Description of the task
Copy nothing but the lines below, from the one with "lot 16184 image: Recovery" through the one with "Celebrity Model Predictive", exactly as written; no pictures should appear.

Records for this task
----------

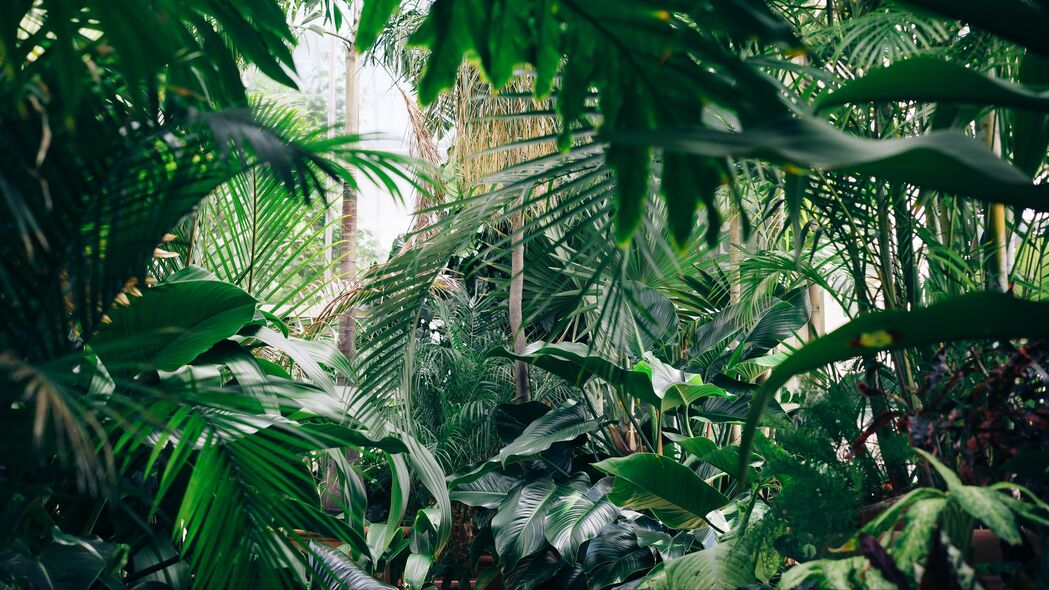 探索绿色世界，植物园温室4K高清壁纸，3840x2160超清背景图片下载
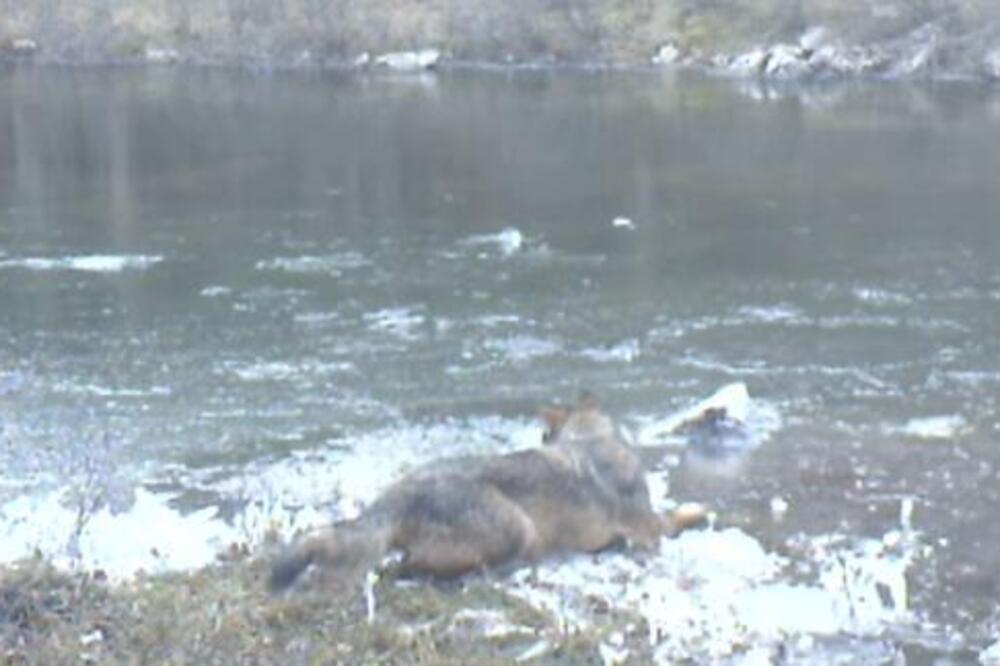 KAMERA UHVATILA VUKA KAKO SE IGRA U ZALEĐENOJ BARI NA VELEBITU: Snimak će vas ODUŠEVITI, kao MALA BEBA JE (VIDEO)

----------

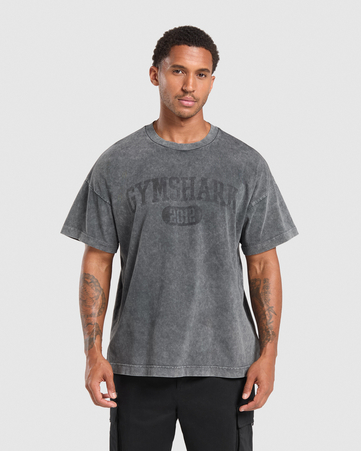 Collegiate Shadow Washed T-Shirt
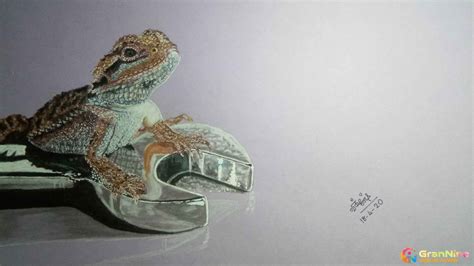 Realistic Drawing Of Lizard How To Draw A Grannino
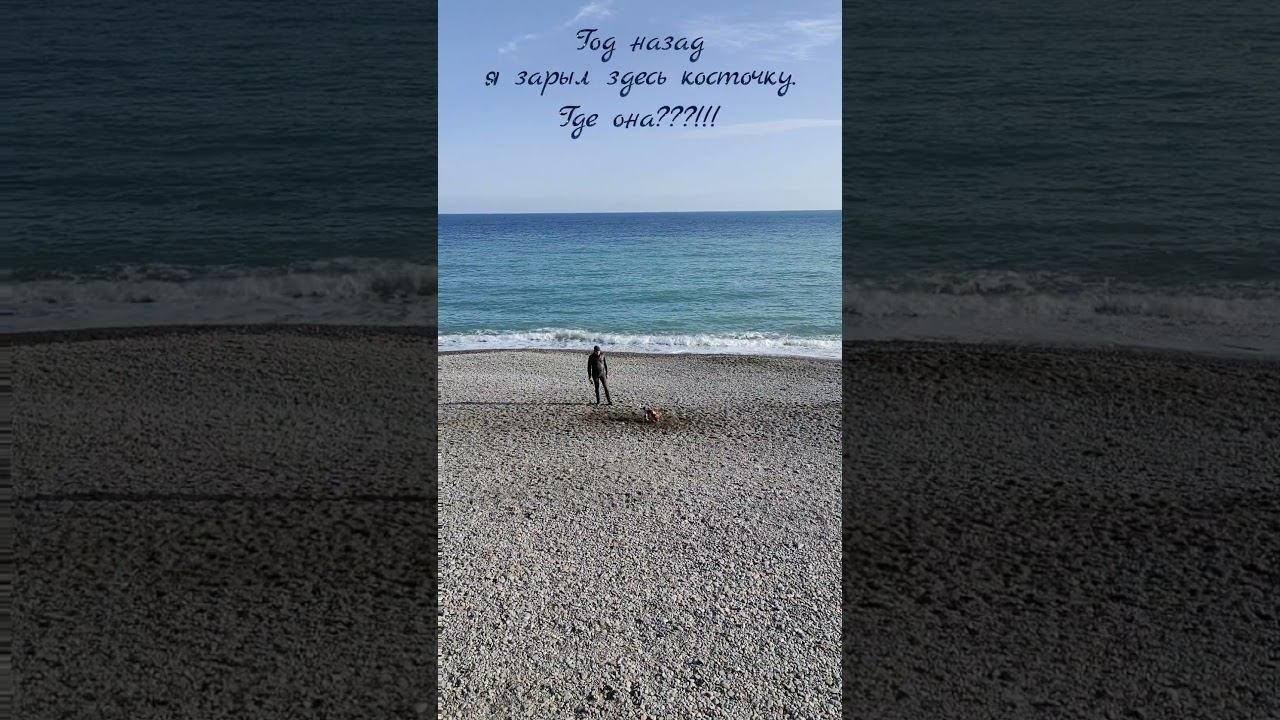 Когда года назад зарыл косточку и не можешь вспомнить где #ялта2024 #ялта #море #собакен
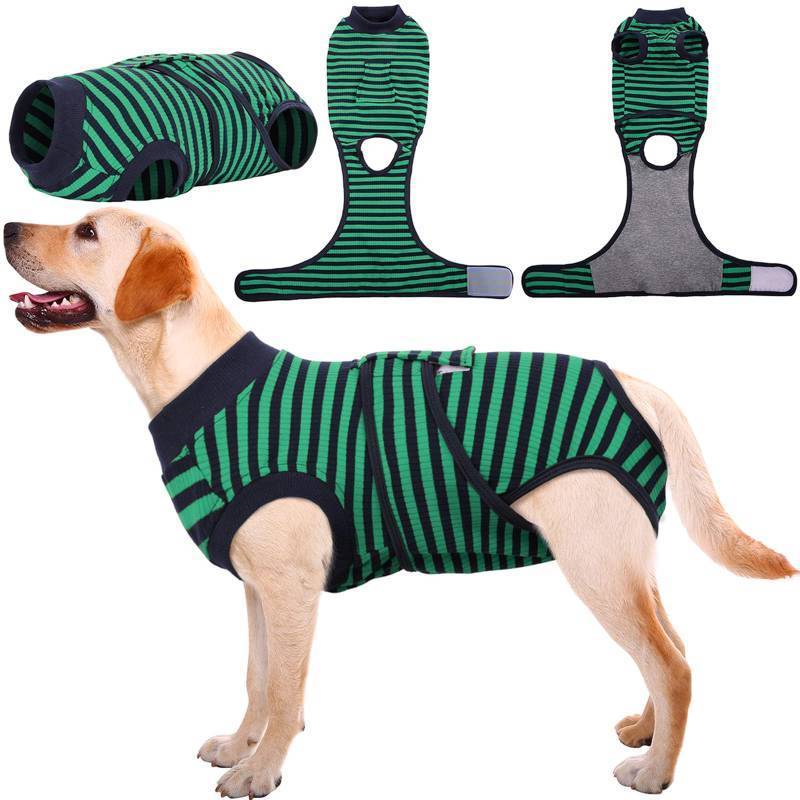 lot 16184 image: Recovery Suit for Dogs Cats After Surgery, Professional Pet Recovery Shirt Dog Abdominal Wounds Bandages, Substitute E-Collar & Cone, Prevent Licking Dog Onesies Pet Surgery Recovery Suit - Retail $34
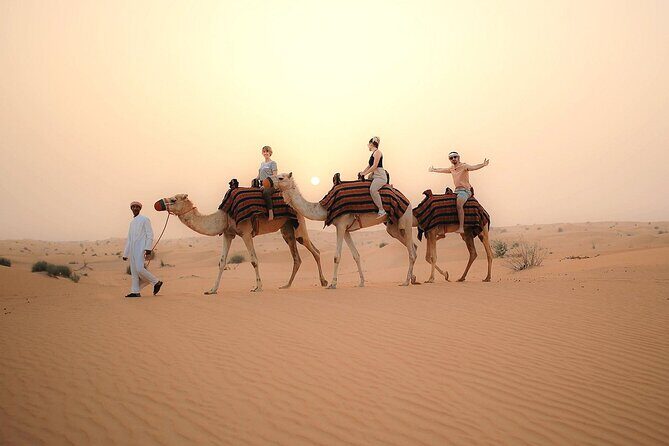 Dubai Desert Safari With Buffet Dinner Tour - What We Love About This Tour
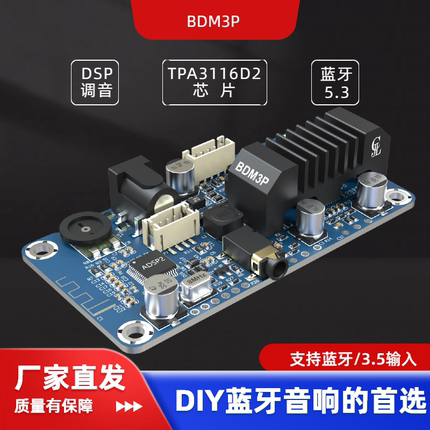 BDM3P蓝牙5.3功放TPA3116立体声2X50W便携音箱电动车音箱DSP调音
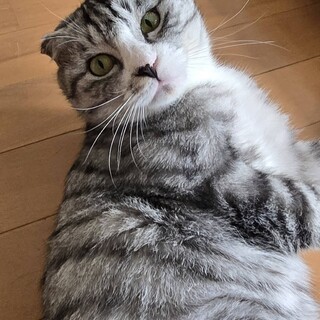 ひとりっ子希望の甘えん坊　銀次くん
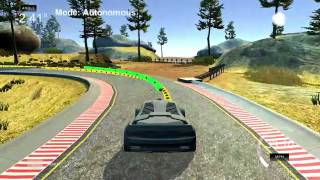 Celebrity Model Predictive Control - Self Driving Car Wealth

----------

Response area
 lot 16184 image: Recovery Suit for Dogs Cats After Surgery, Professional Pet Recovery Shirt Dog Abdominal Wounds Bandages, Substitute E-Collar & Cone, Prevent Licking Dog Onesies Pet Surgery Recovery Suit - Retail $34
 Dubai Desert Safari With Buffet Dinner Tour - What We Love About This Tour
 BDM3P蓝牙5.3功放TPA3116立体声2X50W便携音箱电动车音箱DSP调音
 ひとりっ子希望の甘えん坊　銀次くん
 Celebrity Model Predictive Control - Self Driving Car Wealth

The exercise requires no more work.